Sorry, I explained that poorly.  I meant create local variables *in DWARF*
(or metadata, in the frontend) whose storage locations work indirectly off 
the pointer.  You seem to have been heading that direction with formal 
parameters instead of variables, which is the same idea; whether it will
confuse the debugger is a different problem, but the concept is right.

I think Tim's point was that, given you have metadata for the individual
entities (params or vars) "a" and "b", you then need to emit an 
llvm.dbg.value intrinsic that can tie the metadata to the indirect location.  
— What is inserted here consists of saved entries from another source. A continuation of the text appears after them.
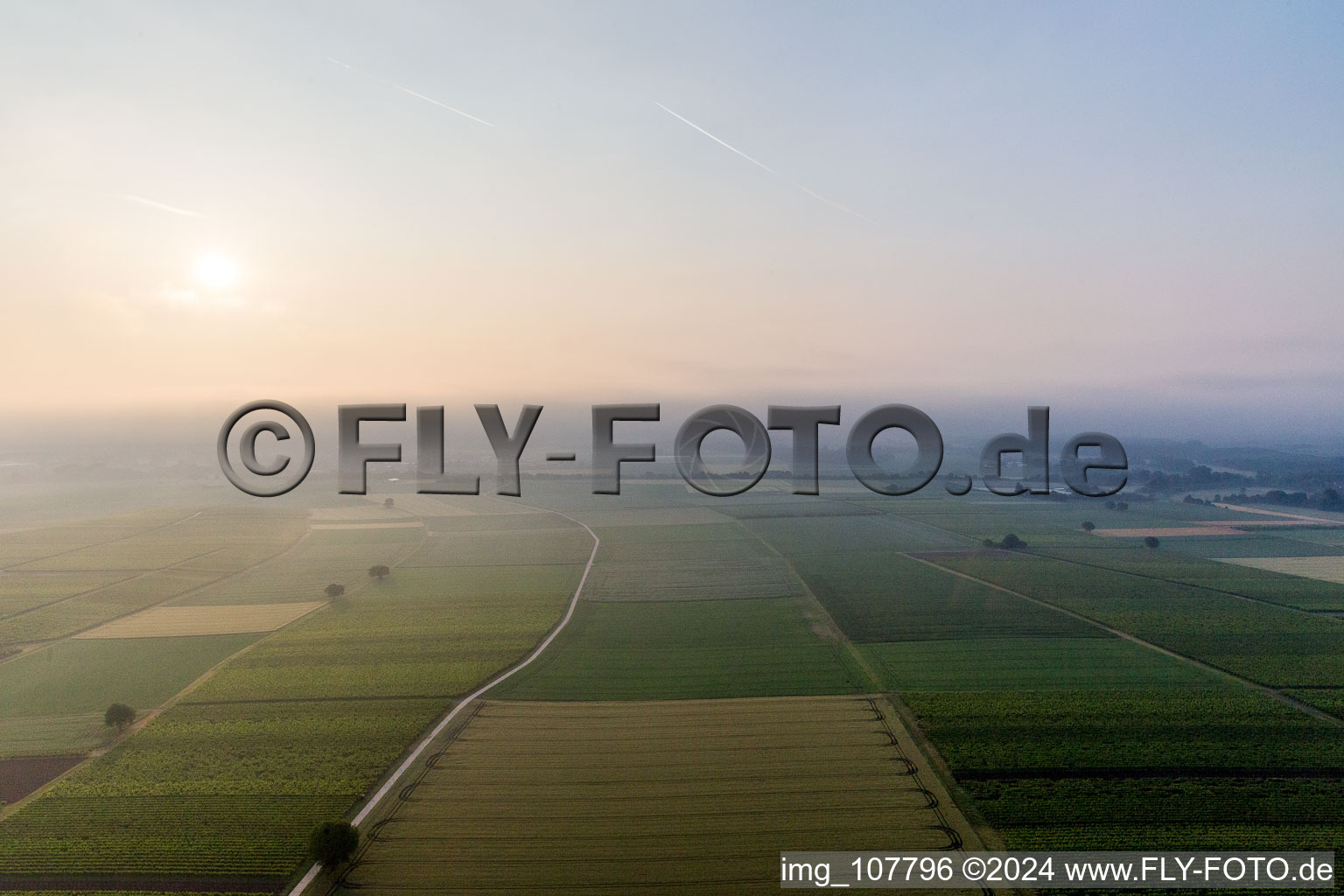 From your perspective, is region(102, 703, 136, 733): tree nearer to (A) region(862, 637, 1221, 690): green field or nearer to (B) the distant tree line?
(A) region(862, 637, 1221, 690): green field

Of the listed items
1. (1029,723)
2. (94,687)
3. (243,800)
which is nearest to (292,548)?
(94,687)

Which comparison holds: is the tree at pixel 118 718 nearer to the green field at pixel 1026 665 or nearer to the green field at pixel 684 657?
the green field at pixel 684 657

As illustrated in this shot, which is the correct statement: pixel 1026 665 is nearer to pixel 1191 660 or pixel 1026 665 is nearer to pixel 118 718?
pixel 1191 660

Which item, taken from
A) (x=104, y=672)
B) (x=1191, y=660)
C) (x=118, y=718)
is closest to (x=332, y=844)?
(x=118, y=718)

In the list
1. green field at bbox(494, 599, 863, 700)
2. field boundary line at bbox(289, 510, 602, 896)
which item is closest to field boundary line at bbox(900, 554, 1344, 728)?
green field at bbox(494, 599, 863, 700)

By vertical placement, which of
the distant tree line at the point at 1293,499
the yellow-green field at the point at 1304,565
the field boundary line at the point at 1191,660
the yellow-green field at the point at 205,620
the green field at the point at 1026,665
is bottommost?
the yellow-green field at the point at 205,620

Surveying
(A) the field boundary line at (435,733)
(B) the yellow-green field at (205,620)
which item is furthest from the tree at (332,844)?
(B) the yellow-green field at (205,620) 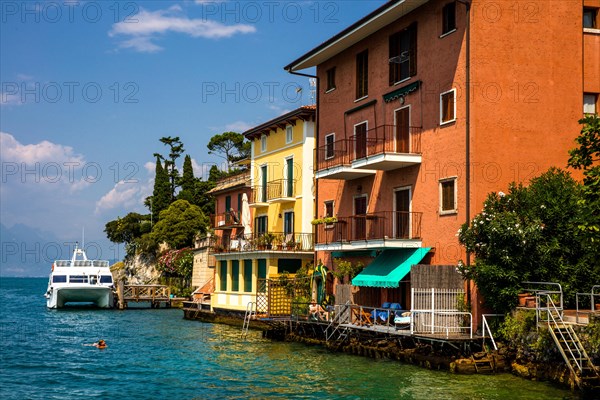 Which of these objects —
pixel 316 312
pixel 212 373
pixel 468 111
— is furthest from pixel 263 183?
pixel 468 111

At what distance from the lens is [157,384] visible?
2491 cm

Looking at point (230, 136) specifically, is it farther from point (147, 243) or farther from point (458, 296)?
point (458, 296)

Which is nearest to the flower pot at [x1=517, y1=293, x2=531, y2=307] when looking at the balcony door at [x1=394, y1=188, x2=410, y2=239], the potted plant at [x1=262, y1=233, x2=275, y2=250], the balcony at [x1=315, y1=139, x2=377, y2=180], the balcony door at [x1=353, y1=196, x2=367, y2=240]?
the balcony door at [x1=394, y1=188, x2=410, y2=239]

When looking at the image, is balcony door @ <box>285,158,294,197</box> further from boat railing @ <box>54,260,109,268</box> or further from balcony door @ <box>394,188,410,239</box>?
boat railing @ <box>54,260,109,268</box>

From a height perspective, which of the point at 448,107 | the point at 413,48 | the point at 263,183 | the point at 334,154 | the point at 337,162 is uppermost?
the point at 413,48

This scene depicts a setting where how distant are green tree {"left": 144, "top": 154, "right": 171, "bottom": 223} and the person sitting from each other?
6373 cm

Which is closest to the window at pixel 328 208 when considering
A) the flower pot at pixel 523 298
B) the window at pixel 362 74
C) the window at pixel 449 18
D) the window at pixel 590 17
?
the window at pixel 362 74

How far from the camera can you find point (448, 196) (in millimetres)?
28156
If you do that, then the mechanism to translate that into a DWARF location
expression should kick in and emit DW_AT_location for you.

I honestly don't know whether LLVM can handle a location expression with
this degree of complexity.  However, definitely there is interest in getting 
it to handle that correctly, because handling more complex expressions is 
key to improving the availability of variables in more-optimized code, and
there is a *lot* of interest in improving debugging of optimized code.